##### Supplied data #####
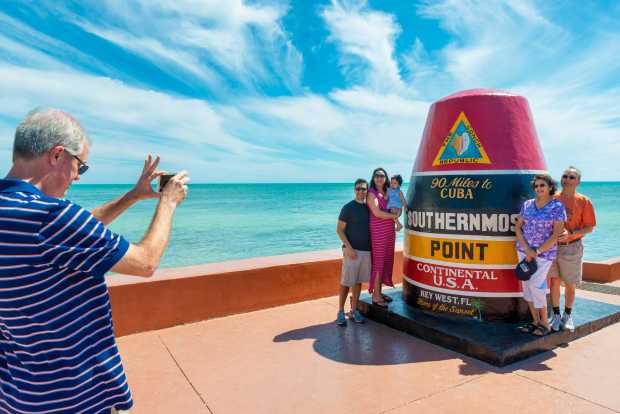 Enjoy Key West | Key West Souther Most USA Place Enjoy Key West | Key West Southern Most USA Place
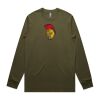 AS Colour -  Men's Staple L/S Tee  Thumbnail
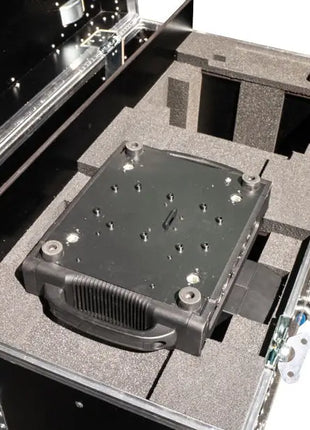 ADJ ADJ Touring Case 2x Focus Profile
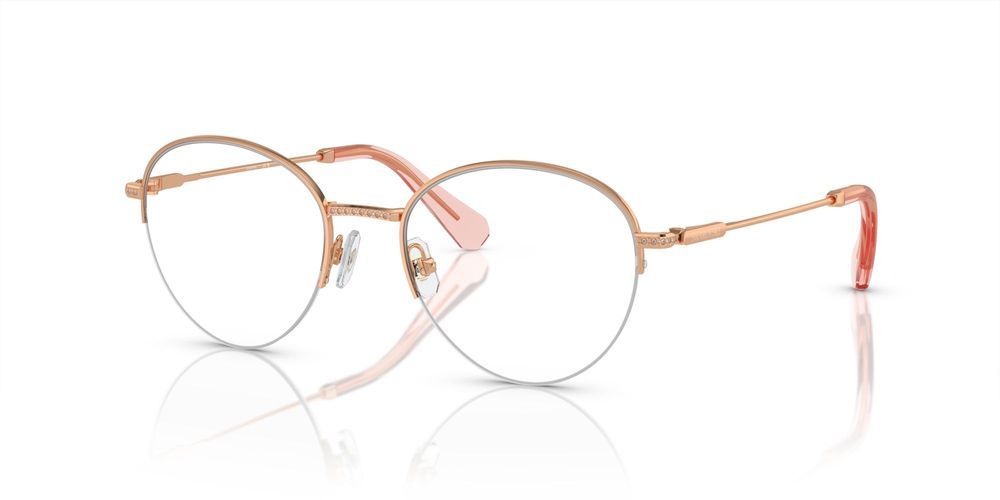 Swarovski SK1004 Occhiali da vista 4014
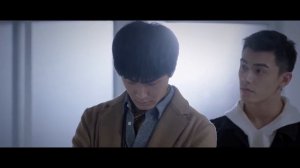 Песчаное море — Происшествие в У Шань Цзюй: Горящие кости (дорама, 2019)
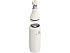 Бутылка для воды Stanley All Day Slim, 600 мл - Фото 2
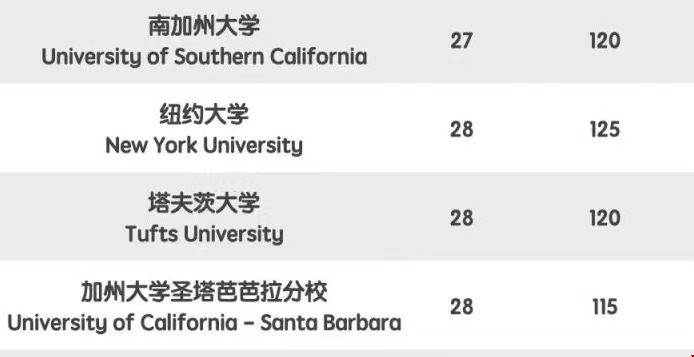 1657249032277813.png image.png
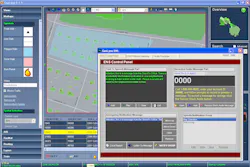 Floodedareaens 10164217 Floodedareaens 10164217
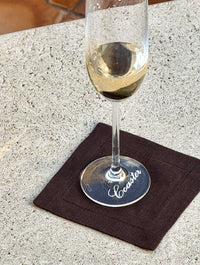 Coaster Set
#####
◆ Assignment ◆
The answer must be a word-for-word copy of all the entries, containing no pictures.

◆ Result of the task ◆
 Enjoy Key West | Key West Souther Most USA Place Enjoy Key West | Key West Southern Most USA Place
 AS Colour -  Men's Staple L/S Tee  Thumbnail
 ADJ ADJ Touring Case 2x Focus Profile
 Swarovski SK1004 Occhiali da vista 4014
 Песчаное море — Происшествие в У Шань Цзюй: Горящие кости (дорама, 2019)
 Бутылка для воды Stanley All Day Slim, 600 мл - Фото 2
 1657249032277813.png image.png
 Floodedareaens 10164217 Floodedareaens 10164217
 Coaster Set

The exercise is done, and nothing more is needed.